EXERCISE INSTRUCTIONS → For this exercise, output the entries below exactly from the line that holds "Hi There, Girl on Beach, Retro Photo" to the line that holds "Bathroom Scale, Highly", both ends included. No pictures belong in the copy.

SUPPLIED DATA →
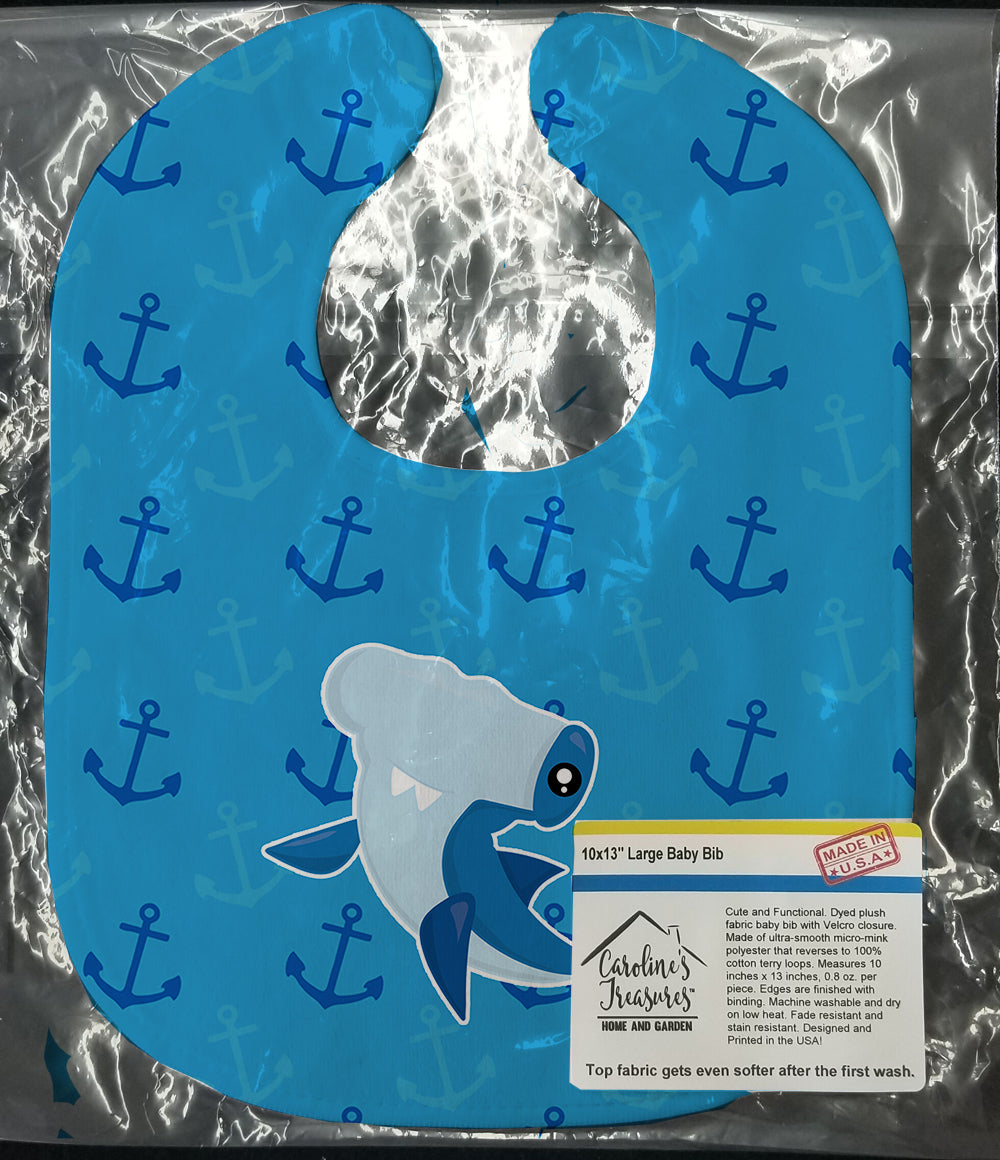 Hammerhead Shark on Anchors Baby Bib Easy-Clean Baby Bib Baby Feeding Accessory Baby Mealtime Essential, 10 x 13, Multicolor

==

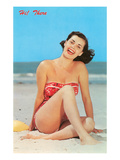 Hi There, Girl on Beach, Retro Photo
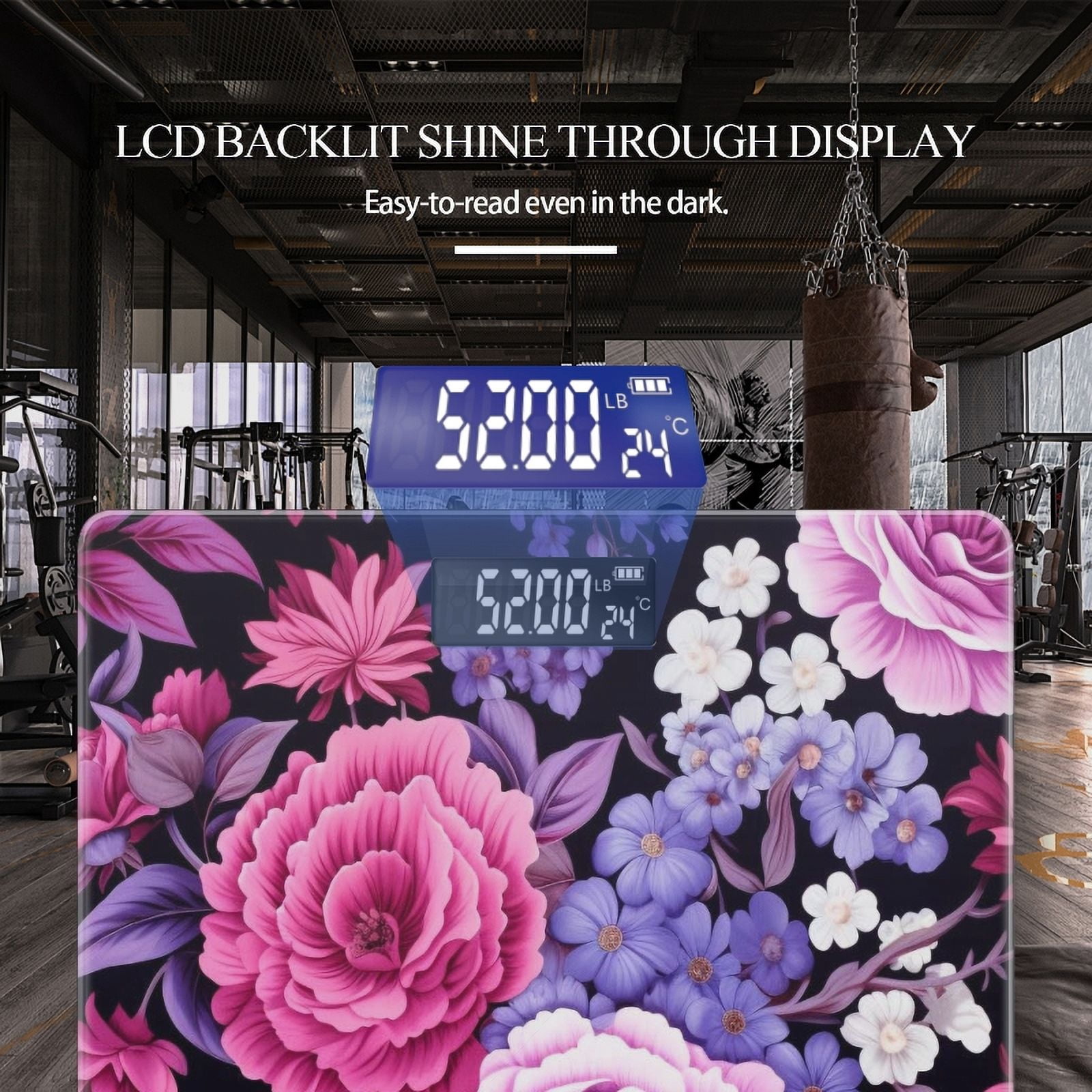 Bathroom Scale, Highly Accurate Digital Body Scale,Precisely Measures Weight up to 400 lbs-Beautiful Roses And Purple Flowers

...

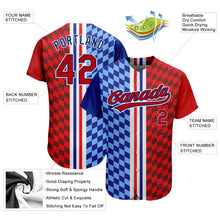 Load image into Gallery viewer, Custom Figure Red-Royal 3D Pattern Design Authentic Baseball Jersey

RESPONSE →
 Hi There, Girl on Beach, Retro Photo
 Bathroom Scale, Highly Accurate Digital Body Scale,Precisely Measures Weight up to 400 lbs-Beautiful Roses And Purple Flowers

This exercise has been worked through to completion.